Not all of my memories are grim, gruesome or horrible. One in particular still brings me a smile whenever I allow myself to think of it. I was in garrison at Camp Eagle with the 101st Airborne. Being the only Mexican in a company of some eighty men was at times unnerving to me. Imagine being a lone “Gringo” in a totally Mexican company of men !!!
More than halfway through my tour, a Mexican joined us at 265th Radio Research Company, 101st Airborne. Gonzales was a cook and had only two or three months left on his tour when he was reassigned to us from 8th Radio Research Field Station, Phu Bai. Seems that Gonzales had been caught with a large bag of weed and was then given the choice between Summary Court Martial (Article 15) and joining us at the 265th Radio Research at Camp Eagle. He chose the latter.
We weren’t authorized cooks and didn’t have our own mess hall in our company. We ate at a neighboring mess hall operated by the 801st Maintenance Battalion, so an arrangement was reached between our company commander and the neighboring company commander. They decided that Gonzales would be our company’s contribution to the messing operation. Gonzales and I became drinking buddies sharing several beers every night and sometimes going to sleep on top of our assigned bunker with our weapons, our gasmasks and a case of beer to help pass time. Thinking logically, if we were too drunk to find our bunker during a night attack, it would be an easy task to just roll into the bunker.
At one point the messhall began serving canned hot dogs daily either as a main course or side dish, and few GI’s would eat the nasty hot dogs, so whole cases of gallon canned hot dogs would be put in the trash where the Vietnamese trash crews would retrieve them for their own use. Gonzales thought this was a waste of good food, so he would often bring a gallon can or two of hot dogs to share with our friends.

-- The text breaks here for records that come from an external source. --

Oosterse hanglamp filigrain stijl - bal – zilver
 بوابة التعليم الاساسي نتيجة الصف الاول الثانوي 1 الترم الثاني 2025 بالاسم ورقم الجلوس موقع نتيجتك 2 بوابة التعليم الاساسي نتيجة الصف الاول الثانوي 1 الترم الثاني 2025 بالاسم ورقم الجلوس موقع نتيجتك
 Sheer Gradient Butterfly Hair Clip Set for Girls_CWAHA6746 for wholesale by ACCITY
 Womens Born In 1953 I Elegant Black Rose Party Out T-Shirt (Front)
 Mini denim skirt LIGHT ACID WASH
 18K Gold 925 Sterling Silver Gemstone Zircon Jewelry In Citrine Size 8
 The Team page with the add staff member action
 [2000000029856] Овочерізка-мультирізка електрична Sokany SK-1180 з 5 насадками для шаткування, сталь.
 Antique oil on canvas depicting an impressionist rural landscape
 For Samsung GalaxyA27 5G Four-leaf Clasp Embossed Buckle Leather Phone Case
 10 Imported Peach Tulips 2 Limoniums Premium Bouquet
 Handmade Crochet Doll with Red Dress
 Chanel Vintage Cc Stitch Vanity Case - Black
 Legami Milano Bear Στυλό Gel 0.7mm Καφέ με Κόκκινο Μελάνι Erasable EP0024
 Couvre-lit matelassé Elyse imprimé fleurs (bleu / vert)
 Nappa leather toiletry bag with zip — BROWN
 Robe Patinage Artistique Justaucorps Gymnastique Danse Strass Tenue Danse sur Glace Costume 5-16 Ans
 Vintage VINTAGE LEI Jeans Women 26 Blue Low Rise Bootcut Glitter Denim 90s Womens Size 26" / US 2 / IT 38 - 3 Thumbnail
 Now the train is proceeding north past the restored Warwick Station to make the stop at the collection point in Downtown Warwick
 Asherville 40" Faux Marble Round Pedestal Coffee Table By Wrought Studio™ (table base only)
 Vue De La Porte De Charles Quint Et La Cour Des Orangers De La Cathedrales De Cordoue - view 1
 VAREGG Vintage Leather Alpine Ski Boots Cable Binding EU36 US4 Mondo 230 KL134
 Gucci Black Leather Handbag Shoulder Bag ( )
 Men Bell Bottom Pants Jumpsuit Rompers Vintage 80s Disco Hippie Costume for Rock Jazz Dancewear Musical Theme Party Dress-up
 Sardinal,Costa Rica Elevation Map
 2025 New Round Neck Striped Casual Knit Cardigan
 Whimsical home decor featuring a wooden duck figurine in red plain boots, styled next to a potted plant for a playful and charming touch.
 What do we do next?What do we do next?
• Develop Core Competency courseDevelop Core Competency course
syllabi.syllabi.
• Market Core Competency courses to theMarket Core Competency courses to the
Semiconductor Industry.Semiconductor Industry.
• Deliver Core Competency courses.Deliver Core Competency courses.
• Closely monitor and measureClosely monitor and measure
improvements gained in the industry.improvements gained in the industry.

Many of these unopened cans were lined up along the walls of our hooches along with two or three cans high of Carling Black Label beer which was given away with every other brand beer we bought simply because no one would drink that nasty beer. We were not permitted to purchase a regular beer without accepting the free Carlings. It was the PX’s way of reducing their inventory of the dreaded, nasty beer. GI’s being GI’s can come up with some very practical and innovative solutions. The “making lemonade when life hands you lemons” comes to mind.
We never figured out who started a novel process which put both our canned hot dogs and that nasty Black Label beer in great demand. I was at another hooch in the company and observed someone boiling a whole gallon can of hot dogs over a sterno can. I was offered one and found it to be a fabulously tasty hot dog. Inquiring further, I learned they were being boiled in the nasty Carling Black Label beer which was totally undrinkable. These boiled hot dogs were fabulous!!! I was to learn later in life about Synergy which Wikipedia defines as two or more agents working together to produce a result not obtainable by either of these agents independently. So now we couldn’t get enough canned hot dogs though the Black Label was plenty available.And when sterno cans were not available to boil our hot dogs, we’d break open a claymore mine and use its C41 explosive to boil the hot dogs.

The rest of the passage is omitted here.